Aku tahu dari Instagram.
Satu unggahan yang awalnya tak ingin kubuka, tapi entah kenapa jariku bergerak sendiri. Foto itu sederhana: Sarah berdiri dalam balutan kebaya putih gading, senyumnya utuh, matanya berbinar. Di sampingnya, seorang pria mengenakan beskap biru laut, menggenggam tangannya dengan penuh keyakinan.
Caption-nya hanya satu kata:
"Akhirnya."
Dan dunia, untuk sesaat, berhenti.
Aku tidak menangis.
Bahkan, anehnya, tidak langsung terasa sakit. Hanya ada keheningan panjang dalam dada. Seperti... kehilangan sesuatu yang dulu pernah tertancap dalam, tapi sekarang sudah menjadi bekas luka lama.
Aku menatap layar ponsel itu cukup lama. Bukan untuk mencari tahu siapa pria itu, atau di mana mereka menikah. Tapi karena hatiku masih berusaha menerima bahwa dia yang dulu pernah bilang ingin "rumah kecil dan taman sederhana" bersamaku… kini membangun mimpi itu dengan orang lain.
Beberapa teman yang tahu kabar itu sempat mengirimi pesan.
"Lo udah lihat, Tio?"
"Sabar ya, bro."
"Kayaknya dia bahagia, ya."
Aku tidak membalas apa pun. Karena memang tidak ada yang perlu dikatakan. Sarah sudah memilih. Dan aku... aku hanya bagian dari masa lalu yang tak lagi relevan disebut.

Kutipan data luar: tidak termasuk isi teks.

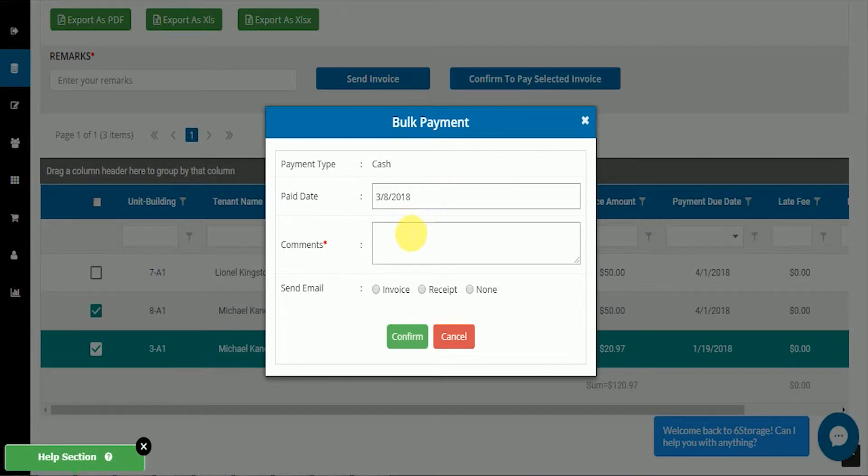In our bulk payment, you can put in a comment. He's making one payment to cover multiple invoices.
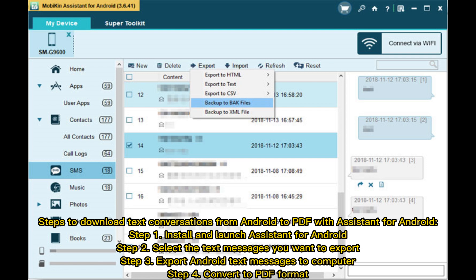Steps to download text conversations from Android to PDF with Assistant for Android. Step 1: Install and launch Assistant for Android. Step 2: Select the text messages you want to export. Step 3: Export Android text messages to computer. Step 4: Convert to PDF format.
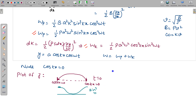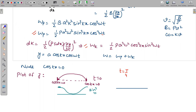At t = T/4, cos ωt = 0, so WP = 0. And sin ωt = 1, so the energy is now entirely contributed by WK, which is proportional to cos² kx. At t = T/4, plotting W gives a cos² kx graph. Since cos kx = 0 at the node locations, WK is zero at the nodes and has its maximum value in between the two nodes. So the graph is a cos² kx shape with maximum in the middle and zeros at the displacement nodes.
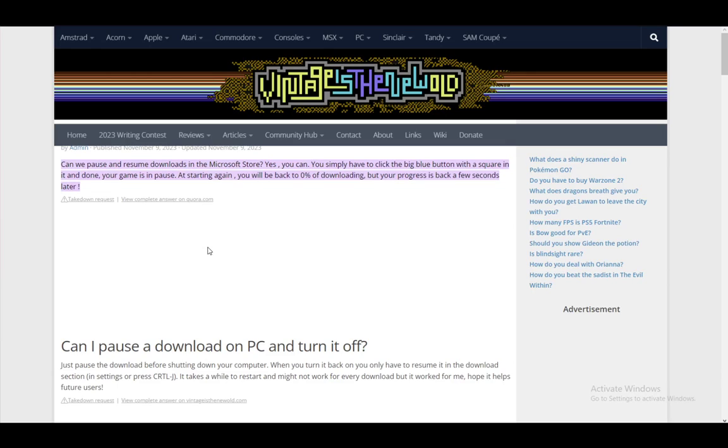Hey everybody, what is going on? I hope you guys are all doing well and welcome to another tutorial video. In this video, I'll be going over how you can pause and resume your downloads in the Microsoft Store, so let's get right into it.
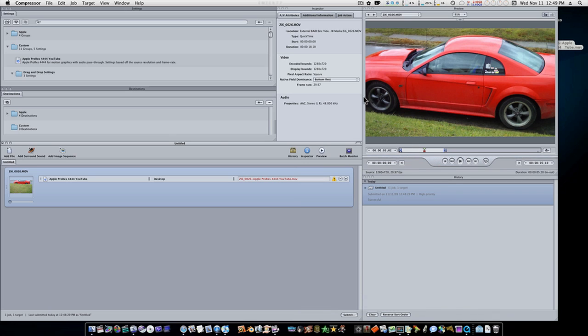Stay tuned for our next Compressor video, because I'm going to show you how to burn and set up a DVD slash Blu-ray right from within Compressor. Thanks for watching guys.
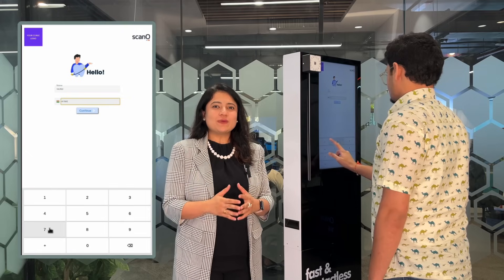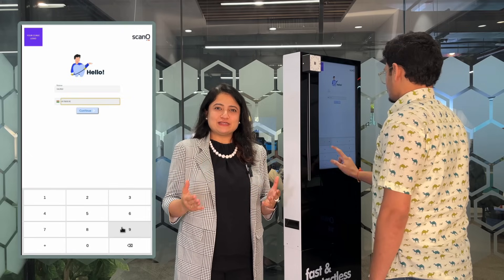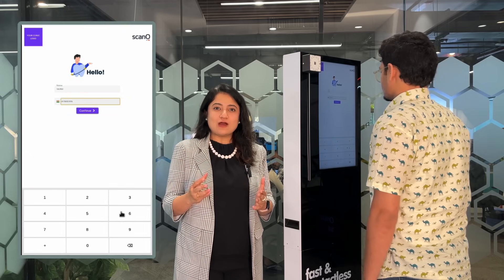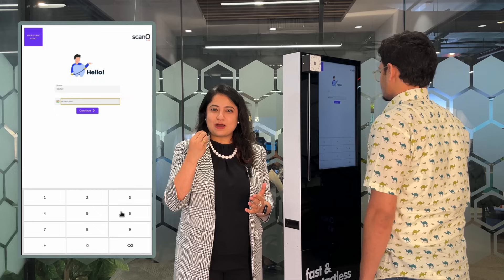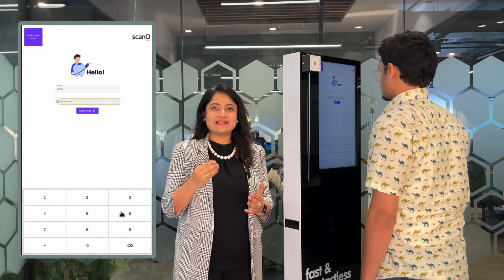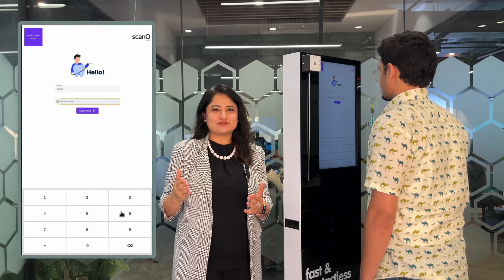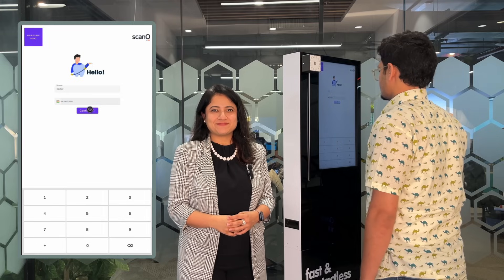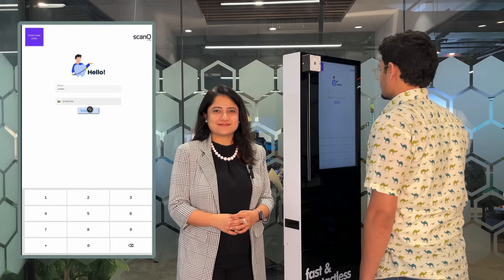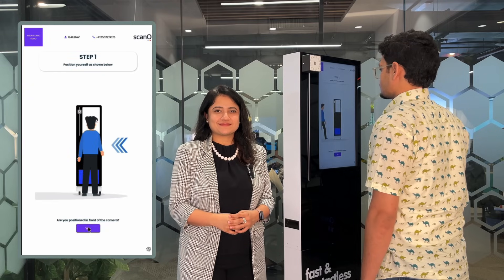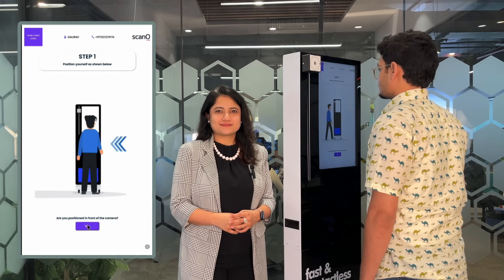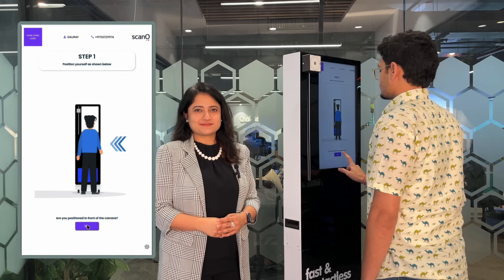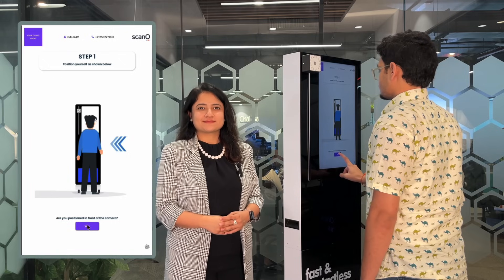The machine automatically guides the patient where to stand and how to open the mouth in order to get the right photographs of his oral cavity. Stand in the center of the camera unit and click yes after positioning yourself as shown.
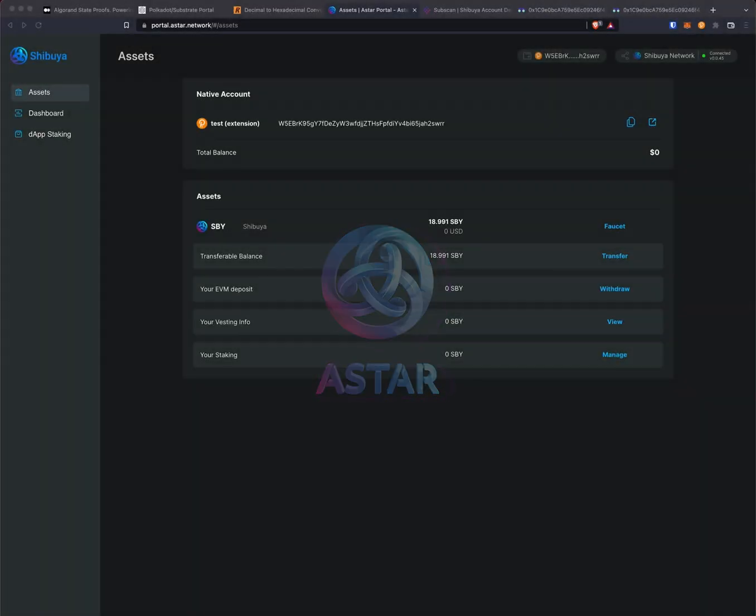Hi everyone, my name is Jake Hemmerle and I'm from OSTAR Network. Today I'm going to show you how to transfer assets between native and EVM addresses.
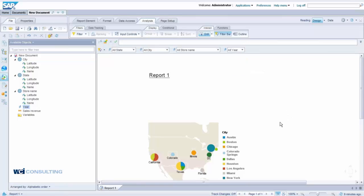So this is, again, a new function for SAP Business Objects 4.2. This is how you can create a geographical map using the objects you have within your database.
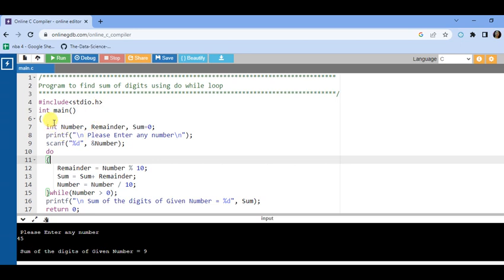Then define the main function. In the main function, define variables: number, remainder, and sum initialized to 0. Then in printf, write 'enter any number', and read that number using scanf with %d and &number. Now we write a do-while loop: do — remainder = number % 10. Whatever remainder remains, store it in the remainder variable, then add that remainder to sum: sum = sum + remainder. Again divide by 10: number = number / 10. Then check the condition: while number is not equal to 0. After the loop, print 'sum of digits of the given number = %d' with sum.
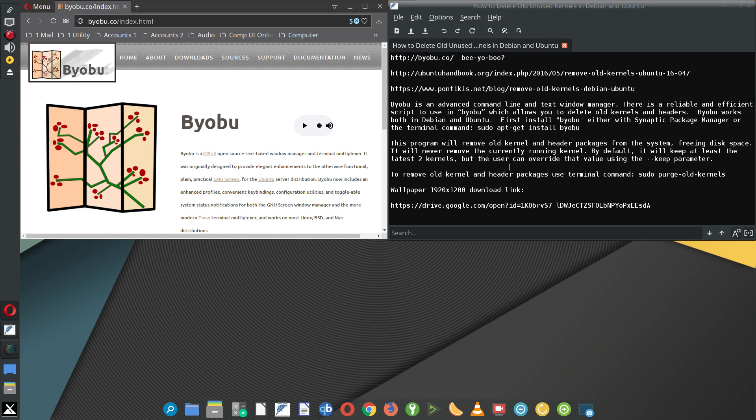I'm not savvy with a lot of command line work or all of what Byobu is capable of doing, so I'm just helping you with this one function of deleting old kernels.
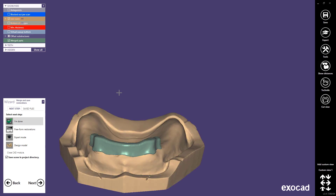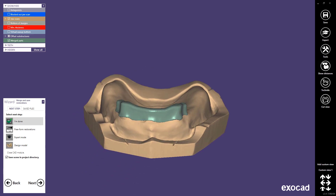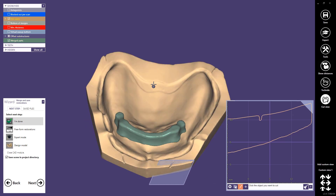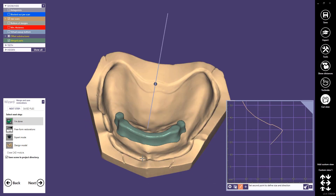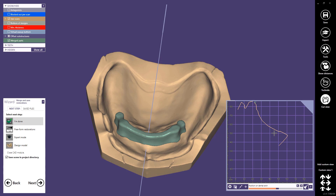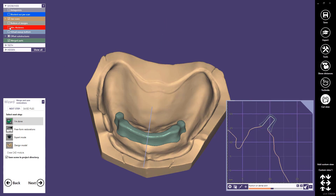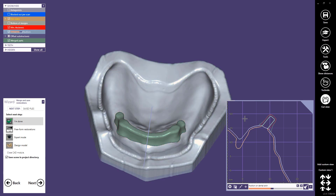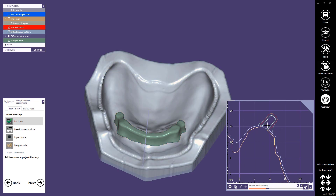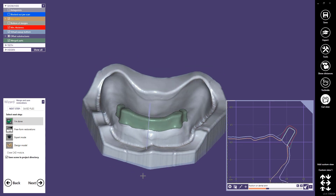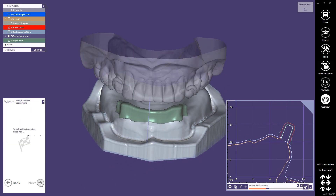At last I would like to show you the different parts of the offset substructure. We can do this by activating the cut view function. We can activate the minimum thickness and the virtual wax-up button, and we have a perfect view of all the different parts. Thank you for your attention.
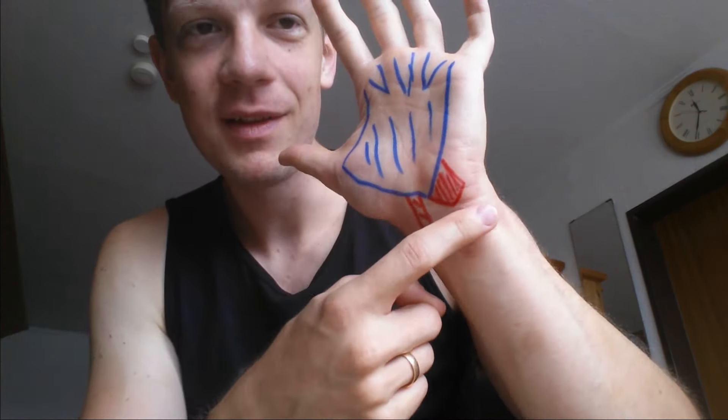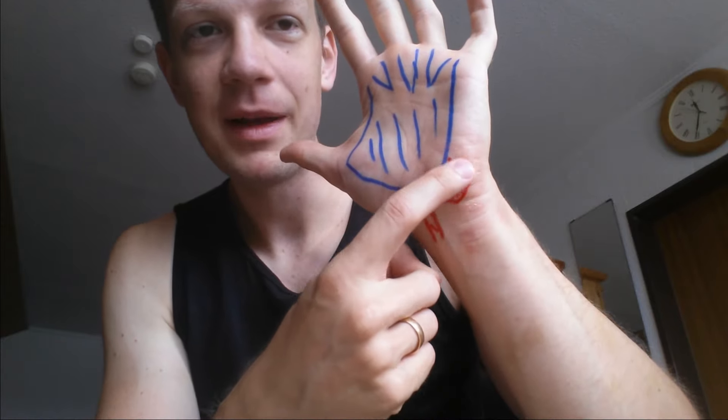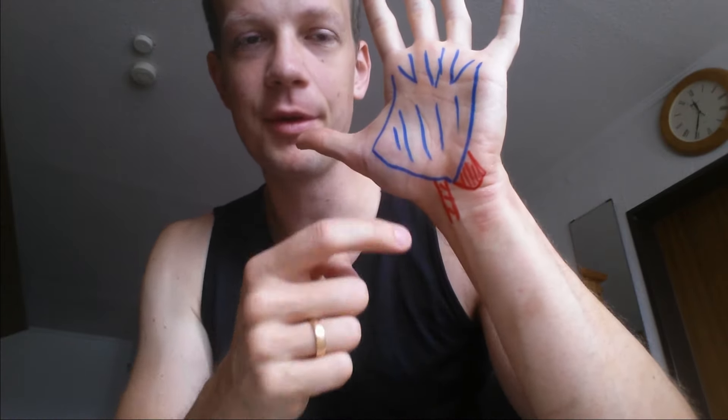The palmaris brevis, as you can see, is just a small muscle here, but it has the same function, it tightens the palmar aponeurosis. That's about it for these two. I hope you enjoyed this short episode about these two muscles, there is really not much more to say about them, so, see you next time, please subscribe to my YouTube channel, and goodbye.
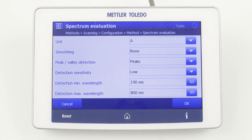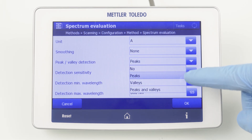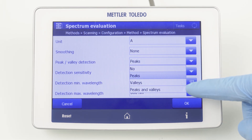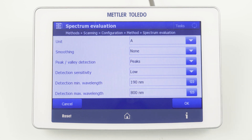You can select whether peaks, valleys, or both should be identified. As we are measuring an absorbance spectrum and figuring out where the peak maximum is, we can select peaks. Valleys are more interesting for a transmittance spectrum.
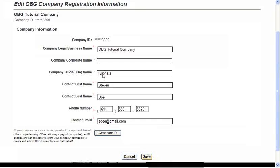The last field displayed in the Company Information section is for Service Provider or Representative ID Number. In this field, there is a button labeled Generate ID. A user will only need to utilize the Generate ID button if they plan on creating or submitting OBG transactions on behalf of someone else. Once this button is pressed, OBG will generate a generic 10-digit ID that is unique to the OBG account. This number is then passed along to those you are intending to file for. Please note, if this number is generated and the user does not need it, it will not affect their OBG account and will not hinder their ability to file on OBG.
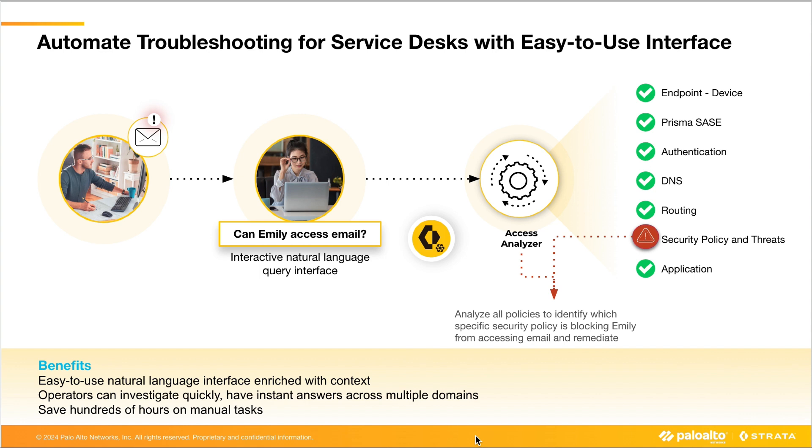But what if there is no block seen on the security policy? What if the policy rule is set to allow, but a real-time threat is seen in the traffic that is hindering a user's access to the application? For example, if a user is trying to access a news or media site and URL filtering blocks the user, or if a user downloads a day-zero malware and is blocked by advanced threat prevention's in-line ML capability, then the user may lose access to some resources.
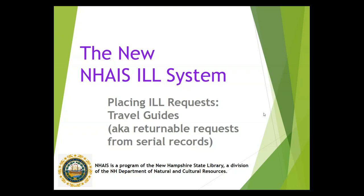This is a NAIS Interlibrary Loan System training video. Today we're going to cover placing interlibrary loan requests for travel guides.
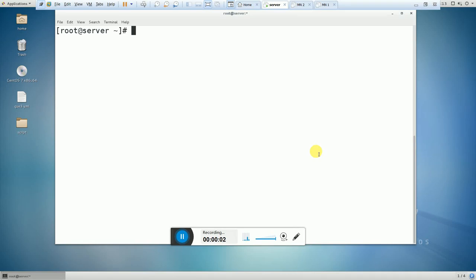Hi friends, good morning. This is Vikram, welcome to my channel Education Just Ahead. In this video we will learn about how to lock and unlock user accounts in Linux. Basically there are two commands that you can use to lock and unlock the user account.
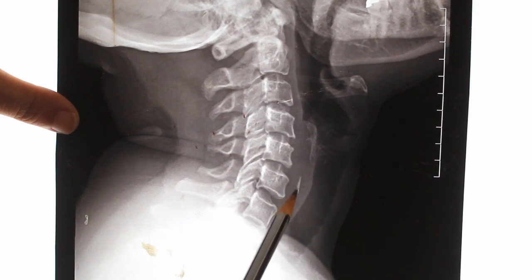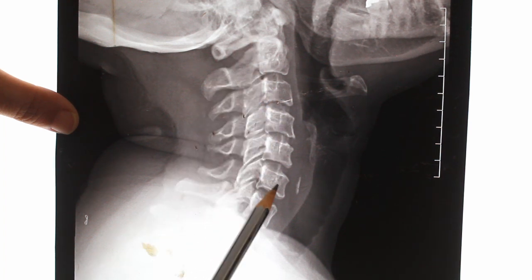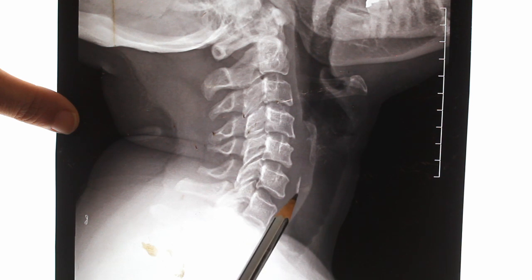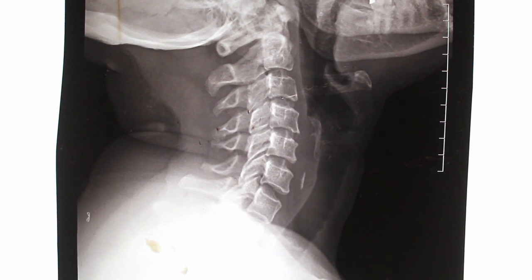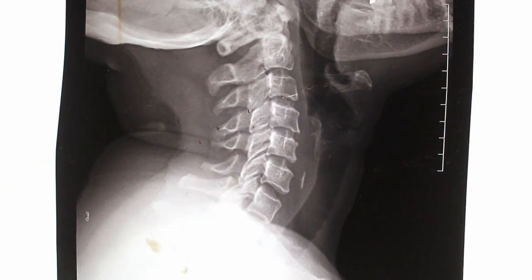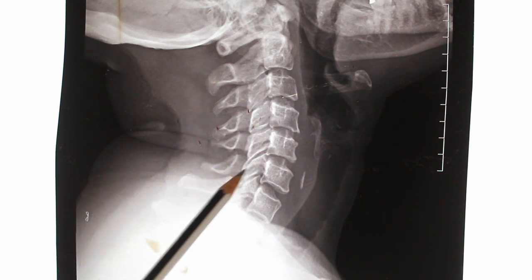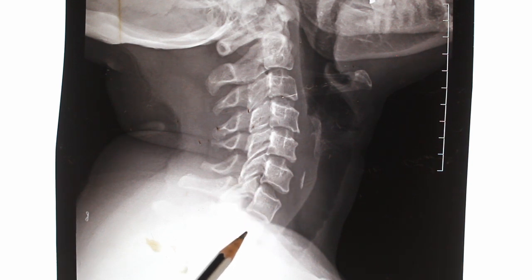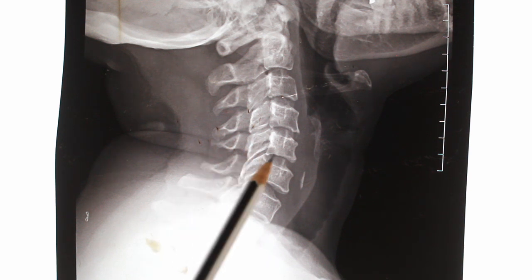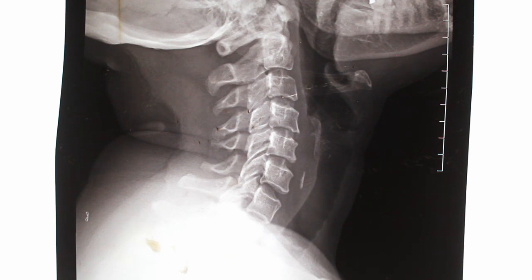Here you can see a linear radiopaque foreign body in the retropharyngeal space opposite to C6 vertebra. This is most probably a fish bone. Treatment is removal using foreign body removal forceps in hypopharyngoscopy or esophagoscopy — ideally under general anesthesia. If the patient is cooperative and general anesthesia is not available, local anesthesia can be used. If not removed, there is a chance of the foreign body penetrating or migrating into other areas.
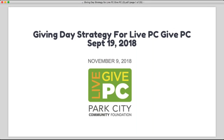Good afternoon, everyone, and thanks for joining us for Live PC Give PC Giving Day strategy. That's what we're here to focus on today. We're all excited for the event coming up in November, and now is a really great time to dig in on really focusing on your campaign strategy to make this year's event even more successful than it has been in the past for your organization.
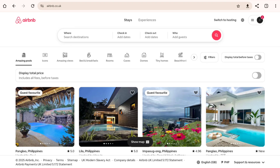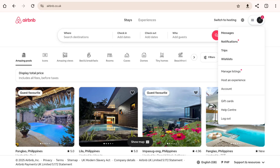In this video I'll show you how you can delete your past trips on Airbnb. To get started, go ahead and open Airbnb on your device and sign into your account. Once you're signed in, click on the top right corner of your screen and click on Account from the drop-down menu.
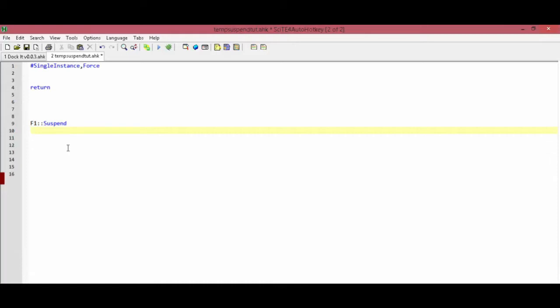If I have any hotkeys in my script, pressing F1 will disable them until I press F1 again. If you would like your script to start off with all the hotkeys and hotstrings disabled...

Malam itu, aku membuka kotak kayu di rak buku. Di dalamnya, ada surat-surat kecil yang dulu sempat kutulis tapi tak pernah kukirim.
Salah satunya berbunyi:
"Kalau suatu hari kamu nemu seseorang yang lebih mencintaimu dari aku, dan kamu lebih bahagia bersamanya... aku akan belajar ikhlas. Tapi aku mungkin akan tetap mengenang kamu sebagai 'rumah' yang dulu sempat kurindukan."
Aku meremas surat itu. Tapi tak membuangnya. Luka ini mungkin tak akan pernah benar-benar hilang, tapi aku bisa menyimpannya rapi... agar tak mengganggu hidupku yang sekarang.
Aku duduk sendiri di balkon kamar malam itu. Menatap langit gelap yang sepi. Lalu, untuk pertama kalinya setelah sekian lama, aku mengucap doa—bukan agar dia kembali. Tapi agar dia benar-benar bahagia.
Sebab mencintai... kadang tak harus memiliki. Kadang cukup dengan mendoakan dari jauh, meski hati sendiri belum tentu sembuh.
Dan malam itu, aku belajar bahwa melepaskan bukan berarti kalah. Tapi bentuk tertinggi dari cinta yang tak lagi ingin memaksa.
Di hari Sarah menikah, aku tidak datang. Tidak juga mengirim pesan.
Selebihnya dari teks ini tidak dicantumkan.